Tetapi kesabaran Abel mulai menipis saat menyadari kalau mereka tidak bertukar pandang sedetikpun saat terakhir kali Abel menyapanya.

"Rio."

Rio menjawab dengan berdehem.

"Tugas dari dosen kemarin udah siap?" tanya Abel, berusaha mendapatkan perhatian pria itu.

Belakangan ini nilai Rio menurun banyak, bahkan tidak sedikit dosen yang menegurnya ketika kelas sedang berlangsung untuk memperingatkan mengenai tugas dan ujian yang belum ia selesaikan. Sebagai pacarnya, Abel menadi khawatir dengan nilai akademis pria itu.

"Oh iya lupa," Rio tiba-tiba berseru kemudian meletakkan ponselnya ke atas meja. Sepertinya dia sudah selesai bermain.
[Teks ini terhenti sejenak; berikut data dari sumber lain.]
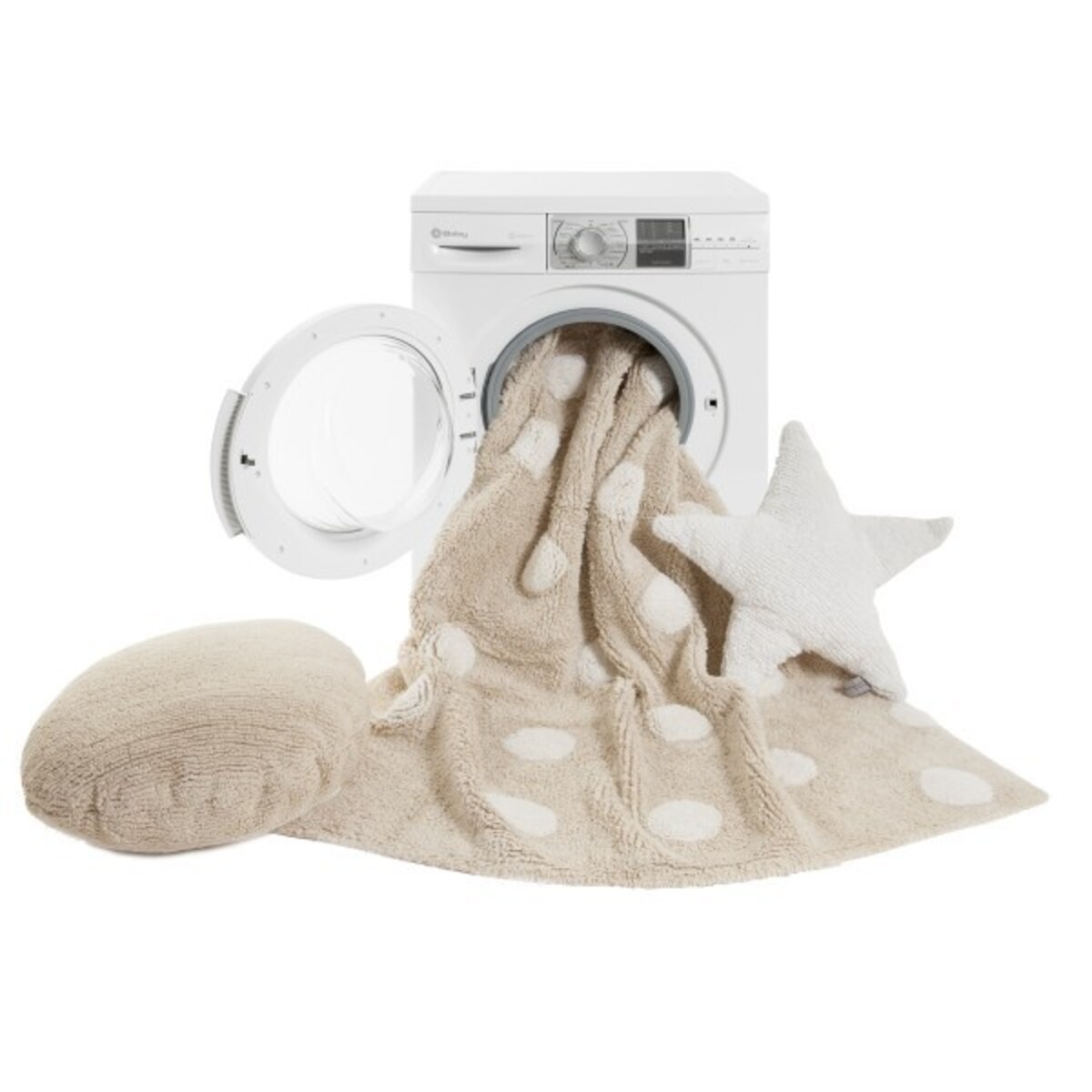 Dywan Bawełniany Topos Beige 120x160 cm Lorena Canals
Rio akhirnya membalas tatapan Abel setelahnya, "Bisa bantu aku kerjain? Soalnya nanti malam pasti bakal ramai di rumah Jimmy. Aku takut gak bisa fokus."

Abel terdiam beberapa saat sembari mempertahankan kontak mata mereka agar tidak terputus. Merasa ada yang janggal dari sikap Abel yang mendadak berubah dingin dan mencekam, Rio akhirnya mengulurkan tangannya dan meraih tangan Abel yang terletak di atas meja.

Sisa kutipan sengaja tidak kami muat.